This calculator answers “How much can I borrow?” (or “How much can we borrow?” for joint applicants) using a practical UK affordability model:

  1. Combine applicant income.
  2. Add a conservative share of bonus income.
  3. Subtract annualised monthly commitments.
  4. Apply lending multiples (3.0x, 4.0x, 4.5x).

How it works

1. Income base

Start with gross annual income from applicant 1 and applicant 2.

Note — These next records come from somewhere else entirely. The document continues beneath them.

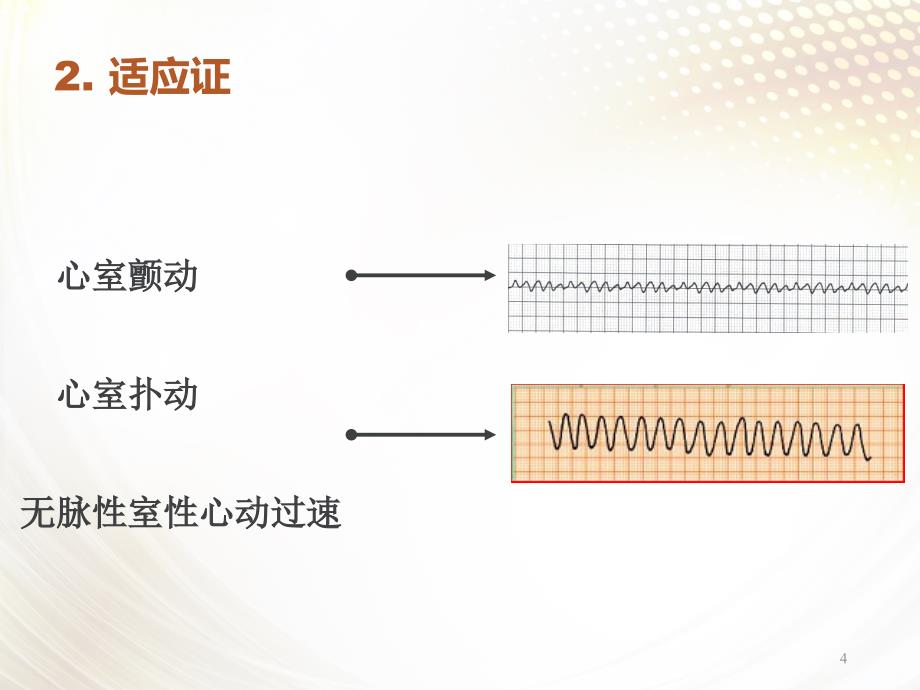 （参考课件）心脏电除颤术.ppt_第4页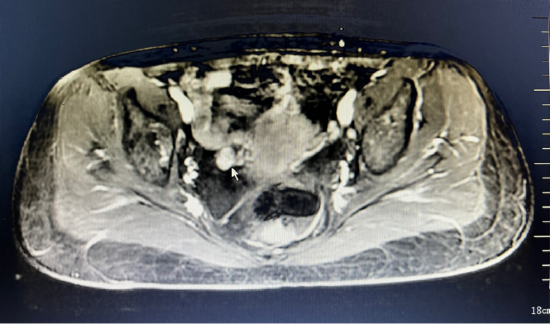 盆腔增强核磁见右侧卵巢占位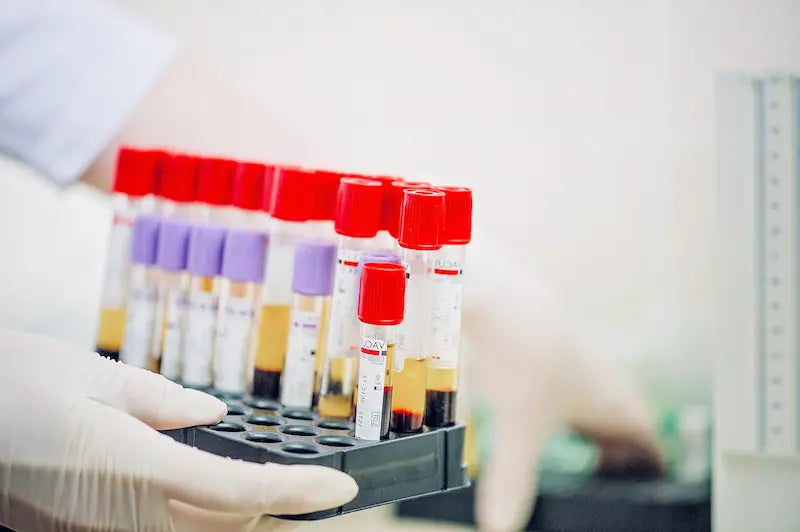 Estudio Preventivo de sangre y orina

2. Bonus treatment (variable pay)

Bonus treatment is lender-specific. Intermediary criteria show that lenders distinguish between regular vs discretionary bonus and often require history (typically 2 years of evidence for annual variable pay).

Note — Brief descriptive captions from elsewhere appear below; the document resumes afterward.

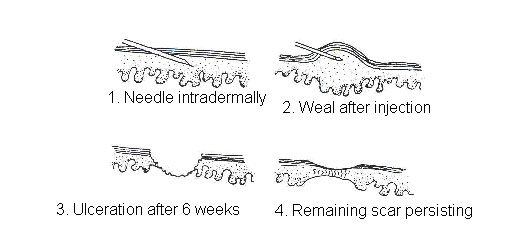 Needleposition2.jpg
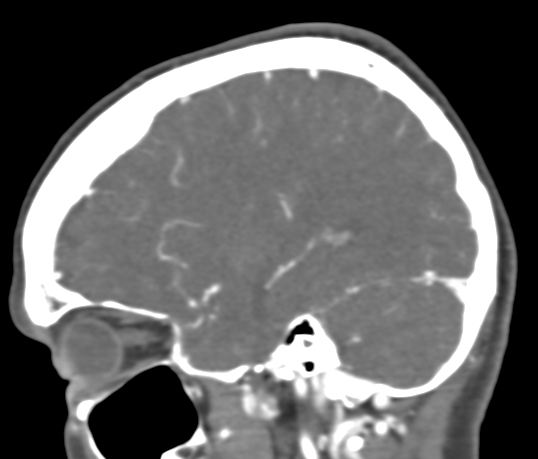 Basilar tip aneurysm with coiling (Radiopaedia 53912-60086 C 36).jpg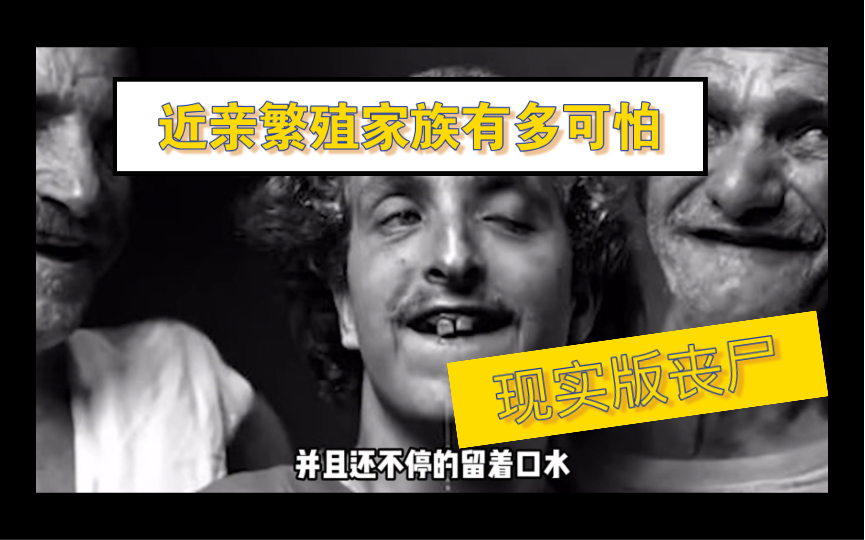 最恐怖近亲繁殖家族:面部畸形只会犬吠,智力低下行为怪异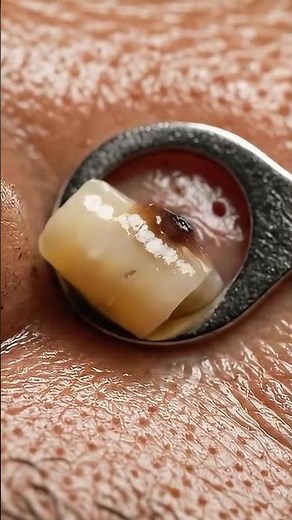 Satisfying Blackhead Pop Near the Nose | ASMR Close-Up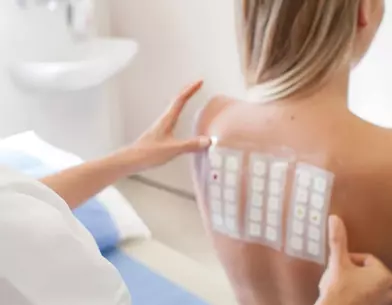 Hogyan kezeld az allergiát?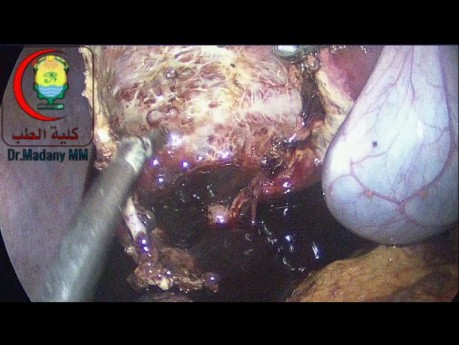 Do you Prefer to do Ablation to the Remaining Epithelial Lining of The Cyst After Deroofing or not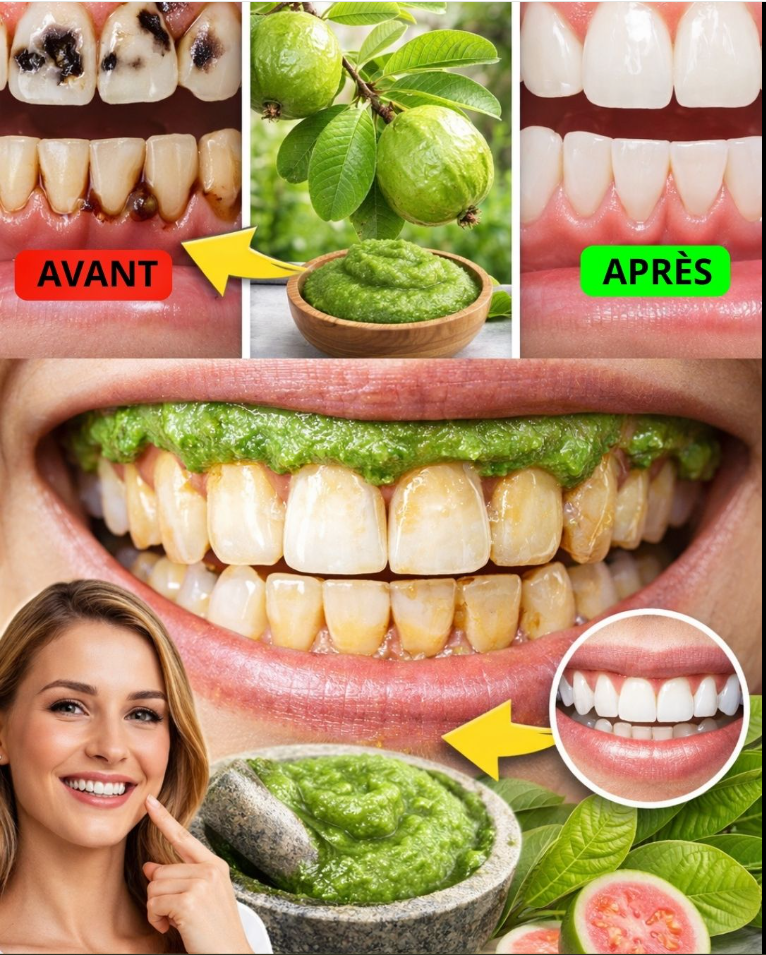 Découvrez le secret de la nature : 3 remèdes puissants avec des feuilles de goyave pour lutter contre les caries dentaires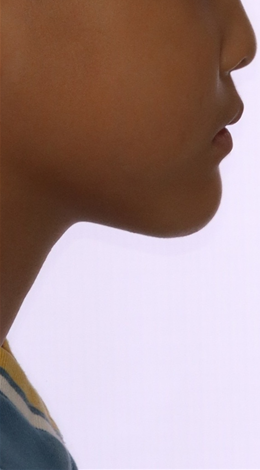 이바른치과교정과치과_어린이치료2치료후2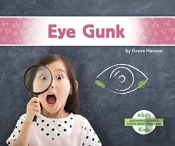 Eye Gunk
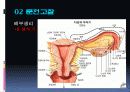 자연분만 NSVD 케이스 case 분만실 분만 ppt 5페이지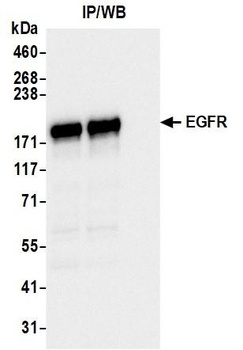 Rabbit anti-EGFR Recombinant Monoclonal Antibody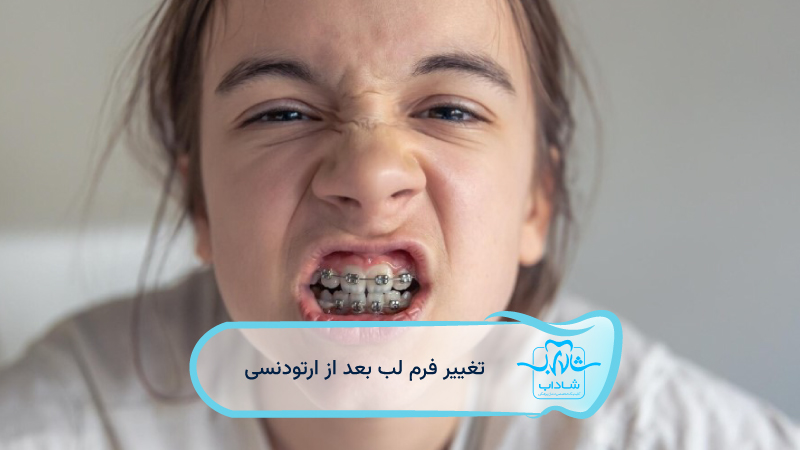 تغییر-فرم-لب-بعد-از-ارتودنسی
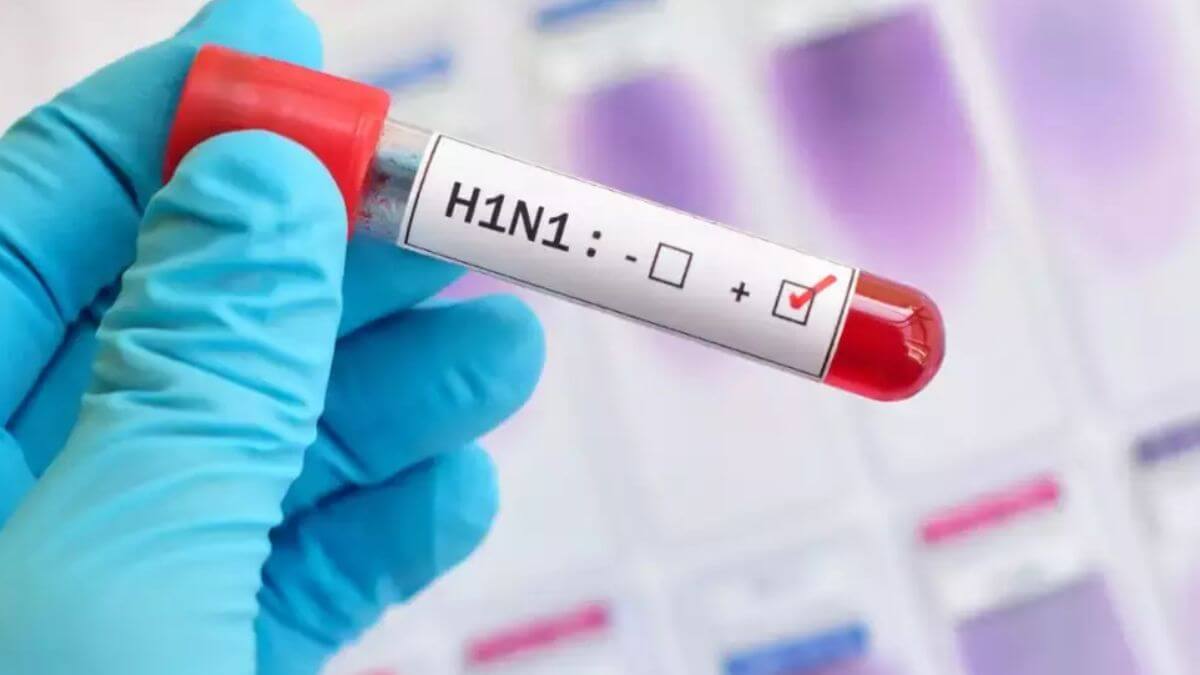 H1N1 Virus: Symptoms, Prevention, and Treatment Guide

This calculator uses a conservative default:

  • Include 50% of declared annual bonus in qualifying income.
  • Treat this as an estimate, not a lender decision.

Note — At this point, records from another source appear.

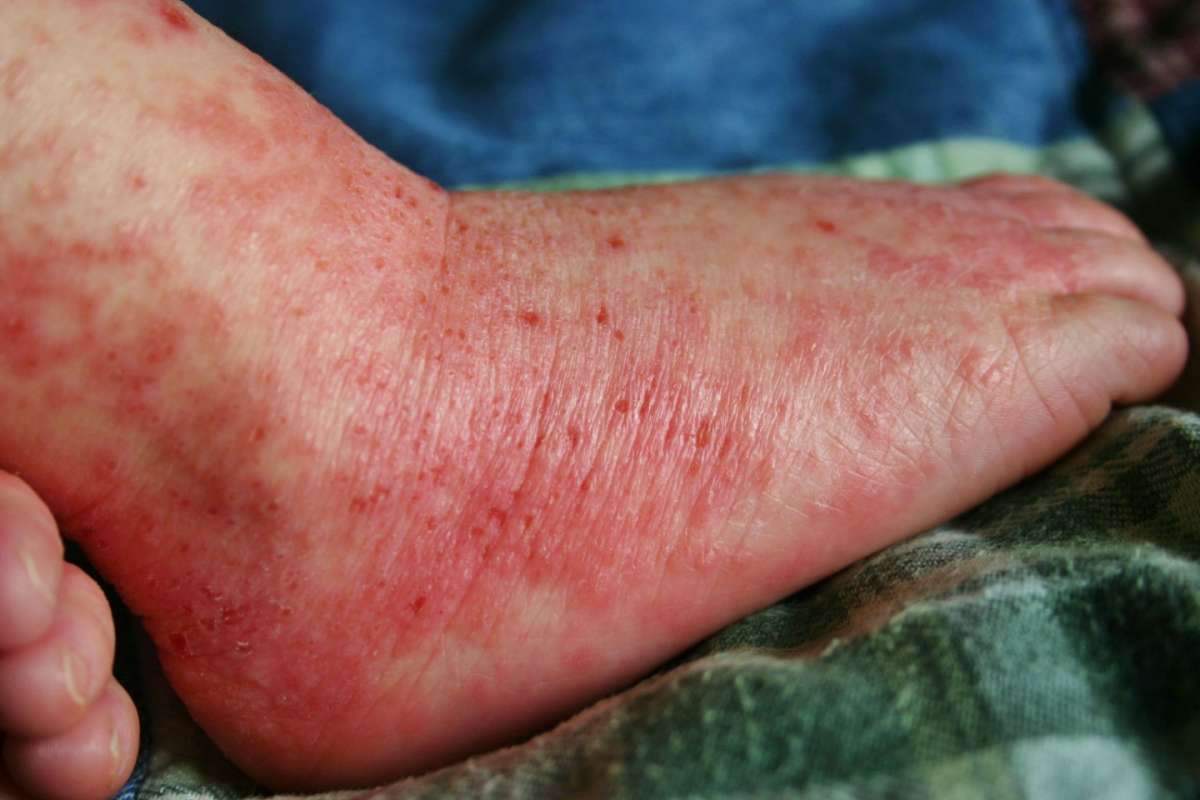 Eczema sul piede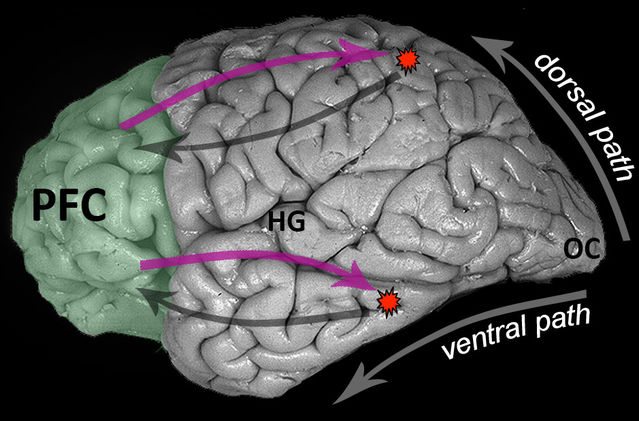 Brain image modified and reprinted with permission from Digital Anatomist Interactive Atlas, University of Washington, Seattle, WA, copyright 1997. Brain image modified and reprinted with permission from Digital Anatomist Interactive Atlas, University of Washington, Seattle, WA, copyright 1997.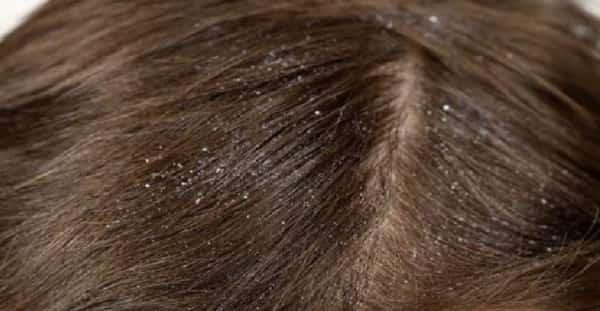 صحة: ما أسباب ظهور قشرة الرأس؟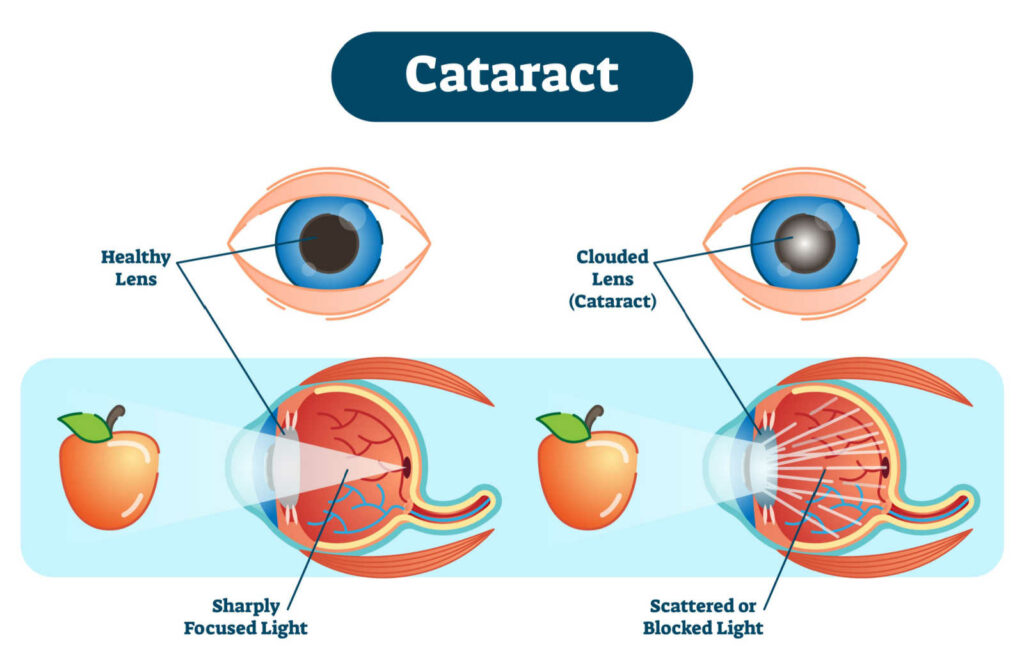 An infographic showing the difference between a healthy eye lens and a lens with cataract deposition.
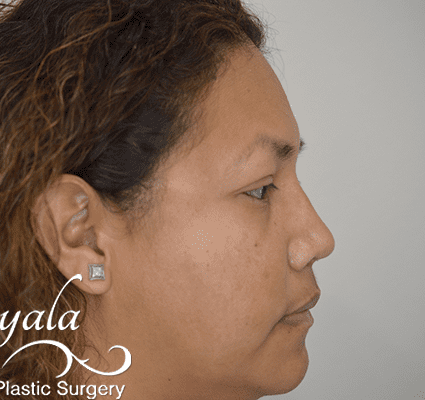 Rhinoplasty Case 23 – After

Why 50%? It is a defensible baseline for discretionary bonus scenarios and avoids overstating borrowing capacity when bonus is variable year to year.

3. Commitment deduction

Monthly commitments (credit cards, loans, childcare, other committed outgoings) are annualised and deducted from qualifying income.

4. Lending multiple range

Three reference multiples are shown:

  • 3.0x conservative
  • 4.0x standard
  • 4.5x upper mainstream

5. Responsible lending context

Under FCA MCOB 11.6, lenders must assess affordability and repayment sustainability, not just income multiples. MCOB 11.6.18R also requires assessment against likely future interest-rate movements for relevant cases.

Formula

Effective income = income1 + income2 + (bonus1 + bonus2) x 50% - annual commitments

Where

income1, income2= Gross annual salary for applicant 1 and applicant 2 (£)
bonus1, bonus2= Declared annual bonus for each applicant (£)
annual commitments= (credit cards + loans + childcare + other) x 12 (£)

Then:

Borrowing estimate = Effective income x multiple

Where

multiple= 3.0x (conservative), 4.0x (standard), 4.5x (maximum)

Worked example

Joint application with bonus

1

Base income

£45,000 + £30,000

= £75,000

2

Bonus counted

(£8,000 + £4,000) x 50%

= £6,000

3

Annual commitments

(£150 + £250 + £200 + £0) x 12

= £7,200

4

Effective income

£75,000 + £6,000 - £7,200

= £73,800

5

Standard estimate

£73,800 x 4.0

= £295,200

6

Maximum estimate

£73,800 x 4.5

= £332,100

Result

Estimated borrowing range: £221,400 to £332,100

Inputs explained

  • Annual income (applicant 1/2): gross salary income.
  • Annual bonus (applicant 1/2): variable pay; calculator includes 50%.
  • Credit cards / loans / childcare / other: monthly commitments deducted before applying multiples.

Outputs explained

  • Conservative / standard / maximum: borrowing range at 3.0x / 4.0x / 4.5x.
  • Effective income: income actually used after bonus policy and commitments.
  • Bonus income counted: annual bonus contribution included in affordability.
  • Indicative monthly payment: repayment illustration (standard estimate, 4.5%, 25 years).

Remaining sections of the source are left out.